Stop after the line containing "Oily Serum with": print each line exactly from the first line of the listing up to that point.

──────── INPUT ────────

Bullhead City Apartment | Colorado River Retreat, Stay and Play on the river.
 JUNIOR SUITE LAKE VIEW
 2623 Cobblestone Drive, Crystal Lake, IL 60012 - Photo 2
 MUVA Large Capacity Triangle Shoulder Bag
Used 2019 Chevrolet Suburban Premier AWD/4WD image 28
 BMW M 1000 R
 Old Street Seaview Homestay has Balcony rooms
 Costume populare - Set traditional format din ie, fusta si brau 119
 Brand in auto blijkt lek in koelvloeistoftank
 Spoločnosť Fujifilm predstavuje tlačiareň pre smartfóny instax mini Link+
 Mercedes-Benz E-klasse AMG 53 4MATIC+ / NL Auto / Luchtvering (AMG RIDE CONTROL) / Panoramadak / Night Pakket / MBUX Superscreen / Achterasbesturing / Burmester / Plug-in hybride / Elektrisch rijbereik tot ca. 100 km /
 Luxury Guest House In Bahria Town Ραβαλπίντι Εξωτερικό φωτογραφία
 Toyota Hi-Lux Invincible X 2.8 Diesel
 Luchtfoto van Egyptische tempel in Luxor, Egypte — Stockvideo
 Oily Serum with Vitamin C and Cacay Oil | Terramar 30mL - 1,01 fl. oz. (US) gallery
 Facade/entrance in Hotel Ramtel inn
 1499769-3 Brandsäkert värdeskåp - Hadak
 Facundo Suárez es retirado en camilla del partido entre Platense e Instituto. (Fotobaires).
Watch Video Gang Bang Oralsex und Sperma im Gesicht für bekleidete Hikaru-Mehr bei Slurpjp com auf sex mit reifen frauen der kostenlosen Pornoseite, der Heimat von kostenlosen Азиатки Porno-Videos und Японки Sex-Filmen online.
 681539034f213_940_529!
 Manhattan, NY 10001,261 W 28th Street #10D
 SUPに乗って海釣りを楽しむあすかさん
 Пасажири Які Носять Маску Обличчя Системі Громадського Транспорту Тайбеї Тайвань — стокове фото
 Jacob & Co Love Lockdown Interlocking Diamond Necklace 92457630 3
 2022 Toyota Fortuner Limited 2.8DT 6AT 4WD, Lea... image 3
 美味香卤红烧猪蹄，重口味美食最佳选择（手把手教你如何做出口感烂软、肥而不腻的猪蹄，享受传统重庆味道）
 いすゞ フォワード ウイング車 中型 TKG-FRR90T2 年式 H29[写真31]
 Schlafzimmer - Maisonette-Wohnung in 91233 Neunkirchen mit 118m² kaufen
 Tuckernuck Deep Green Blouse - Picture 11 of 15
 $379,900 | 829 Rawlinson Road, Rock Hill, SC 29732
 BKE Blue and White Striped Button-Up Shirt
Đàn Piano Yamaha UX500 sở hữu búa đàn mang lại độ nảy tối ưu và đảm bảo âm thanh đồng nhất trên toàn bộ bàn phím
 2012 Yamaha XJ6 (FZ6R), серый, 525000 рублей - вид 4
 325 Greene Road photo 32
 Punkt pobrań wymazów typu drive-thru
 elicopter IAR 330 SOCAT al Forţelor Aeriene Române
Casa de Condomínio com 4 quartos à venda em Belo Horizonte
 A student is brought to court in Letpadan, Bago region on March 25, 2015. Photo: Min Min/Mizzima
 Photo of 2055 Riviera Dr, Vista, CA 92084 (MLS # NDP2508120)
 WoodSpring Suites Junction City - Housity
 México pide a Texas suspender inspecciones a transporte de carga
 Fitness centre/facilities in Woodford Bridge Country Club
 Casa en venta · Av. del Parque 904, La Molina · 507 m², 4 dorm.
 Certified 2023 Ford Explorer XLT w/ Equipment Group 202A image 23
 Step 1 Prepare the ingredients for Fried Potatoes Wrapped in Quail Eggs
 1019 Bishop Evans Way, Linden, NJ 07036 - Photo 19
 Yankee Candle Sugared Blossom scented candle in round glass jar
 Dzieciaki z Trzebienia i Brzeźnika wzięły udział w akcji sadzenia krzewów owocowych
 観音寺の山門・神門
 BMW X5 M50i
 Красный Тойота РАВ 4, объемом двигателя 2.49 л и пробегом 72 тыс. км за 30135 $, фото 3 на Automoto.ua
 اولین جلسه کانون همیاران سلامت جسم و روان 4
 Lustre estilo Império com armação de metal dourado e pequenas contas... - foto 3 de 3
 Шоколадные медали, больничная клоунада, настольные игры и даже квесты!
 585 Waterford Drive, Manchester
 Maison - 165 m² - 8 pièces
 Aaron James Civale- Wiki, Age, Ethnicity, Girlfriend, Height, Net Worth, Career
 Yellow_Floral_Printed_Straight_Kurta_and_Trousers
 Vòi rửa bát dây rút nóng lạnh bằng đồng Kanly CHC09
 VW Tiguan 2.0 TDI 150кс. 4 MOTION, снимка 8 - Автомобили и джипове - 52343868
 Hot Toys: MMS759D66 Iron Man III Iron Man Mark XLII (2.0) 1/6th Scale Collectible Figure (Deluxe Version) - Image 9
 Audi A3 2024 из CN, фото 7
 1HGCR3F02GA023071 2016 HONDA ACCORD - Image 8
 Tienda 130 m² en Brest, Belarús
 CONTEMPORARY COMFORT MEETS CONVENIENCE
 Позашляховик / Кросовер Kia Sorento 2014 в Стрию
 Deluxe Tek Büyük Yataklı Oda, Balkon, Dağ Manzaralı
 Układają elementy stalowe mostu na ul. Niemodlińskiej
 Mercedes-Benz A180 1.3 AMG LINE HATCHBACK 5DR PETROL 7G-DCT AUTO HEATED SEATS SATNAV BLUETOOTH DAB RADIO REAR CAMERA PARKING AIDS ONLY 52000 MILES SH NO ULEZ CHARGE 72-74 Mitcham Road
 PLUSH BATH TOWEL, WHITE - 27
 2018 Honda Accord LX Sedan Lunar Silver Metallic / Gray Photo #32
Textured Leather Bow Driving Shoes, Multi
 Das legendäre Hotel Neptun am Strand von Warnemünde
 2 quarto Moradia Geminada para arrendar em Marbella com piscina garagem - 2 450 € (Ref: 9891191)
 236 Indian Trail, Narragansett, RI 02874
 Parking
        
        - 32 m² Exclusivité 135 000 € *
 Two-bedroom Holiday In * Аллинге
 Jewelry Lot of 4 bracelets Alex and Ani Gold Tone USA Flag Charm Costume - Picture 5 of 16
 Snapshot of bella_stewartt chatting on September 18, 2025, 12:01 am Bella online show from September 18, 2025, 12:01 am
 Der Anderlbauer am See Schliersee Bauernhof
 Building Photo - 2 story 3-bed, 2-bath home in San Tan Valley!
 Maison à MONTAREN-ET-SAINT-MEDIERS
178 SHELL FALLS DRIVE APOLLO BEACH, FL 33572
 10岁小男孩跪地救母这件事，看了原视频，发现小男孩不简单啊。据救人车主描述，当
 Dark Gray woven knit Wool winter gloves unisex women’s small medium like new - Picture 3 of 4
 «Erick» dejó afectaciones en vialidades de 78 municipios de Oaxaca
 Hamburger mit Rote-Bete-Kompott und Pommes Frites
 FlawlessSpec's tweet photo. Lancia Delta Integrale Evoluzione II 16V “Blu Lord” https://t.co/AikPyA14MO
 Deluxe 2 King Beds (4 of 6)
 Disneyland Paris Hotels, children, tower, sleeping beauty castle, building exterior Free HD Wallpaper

────────

» RESPONSE TO THIS EXERCISE
Bullhead City Apartment | Colorado River Retreat, Stay and Play on the river.
 JUNIOR SUITE LAKE VIEW
 2623 Cobblestone Drive, Crystal Lake, IL 60012 - Photo 2
 MUVA Large Capacity Triangle Shoulder Bag
Used 2019 Chevrolet Suburban Premier AWD/4WD image 28
 BMW M 1000 R
 Old Street Seaview Homestay has Balcony rooms
 Costume populare - Set traditional format din ie, fusta si brau 119
 Brand in auto blijkt lek in koelvloeistoftank
 Spoločnosť Fujifilm predstavuje tlačiareň pre smartfóny instax mini Link+
 Mercedes-Benz E-klasse AMG 53 4MATIC+ / NL Auto / Luchtvering (AMG RIDE CONTROL) / Panoramadak / Night Pakket / MBUX Superscreen / Achterasbesturing / Burmester / Plug-in hybride / Elektrisch rijbereik tot ca. 100 km /
 Luxury Guest House In Bahria Town Ραβαλπίντι Εξωτερικό φωτογραφία
 Toyota Hi-Lux Invincible X 2.8 Diesel
 Luchtfoto van Egyptische tempel in Luxor, Egypte — Stockvideo
 Oily Serum with Vitamin C and Cacay Oil | Terramar 30mL - 1,01 fl. oz. (US) gallery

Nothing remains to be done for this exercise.